Henry H. Breen.

St. Lucia.


DERIVATION OF THE WORD "BIGOT."

At p. 80. of Mr. Trench's admirable little volume On the Study of Words, an etymology is assigned to the word bigot, which is, I think, clearly erroneous:

"Two explanations of it are current," writes Mr. Trench, "one of which traces it up to the early Normans, while they yet retained their northern tongue, and to their often adjuration by the name of God; with sometimes a reference to a famous scene in French history, in which Rollo, Duke of Normandy, played a conspicuous part: the other puts it in connexion with beguines, called often in Latin beguttæ, a name by which certain communities of pietist women were known in the Middle Ages."

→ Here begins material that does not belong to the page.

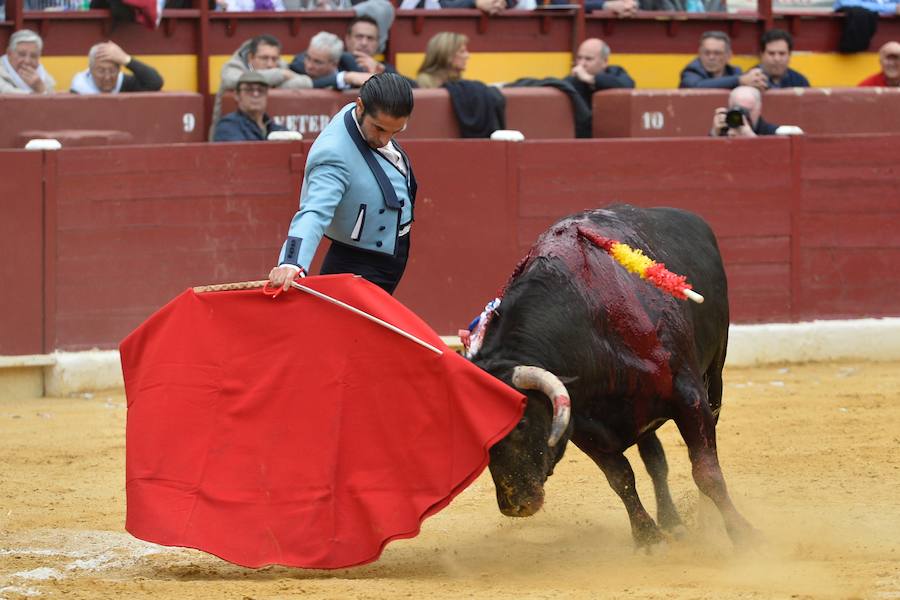 El festival de la AECC celebra su XXV edición con un gran espectáculo. Trece orejas y tres rabos en un festejo de alto nivel artístico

I agree with Mr. Trench in thinking, that neither of these derivations is the correct one. But I am obliged, quite as decidedly, to reject that which he proceeds to offer. He thinks that we owe—

"Bigot rather to that profound impression which the Spaniards made upon all Europe in the fifteenth and the following century. Now the word bigote," he continues, "means in Spanish 'moustachio;' and as contrasted with the smooth, or nearly smooth, upper lip of most other people, at that time the Spaniards were the 'men of the moustachio'.... That they themselves connected firmness and resolution with the mustachio; that it was esteemed the outward symbol of these, it is plain from such phrases as 'pombre de bigote,' a man of resolution; 'tener bigotes,' to stand firm. But that in which they eminently displayed their firmness and resolution in those days was their adherence to whatever the Roman see imposed and taught. What then more natural, or more entirely according to the law of the generation of names, than that this striking and distinguishing outward feature of the Spaniard should have been laid hold of to express that character and condition of mind which eminently were his, and then transferred to all others who shared the same?"

Of this it must be admitted, that "se non e vero, e ben trovato." And the only reason for rejecting such an etymology is the existence of another with superior claims.

Bigot is derived, as I think will be hardly doubted on consideration, from the Italian bigio, grey. Various religious confraternities, and especially a branch of the order of St. Francis which, from being parcel secular and parcel regular, was called "Terziari di S. Francesco," clothed themselves in grey; and from thence were called Bigiocchi and Bigiotti. And from a very early period, the word was used in a bad sense.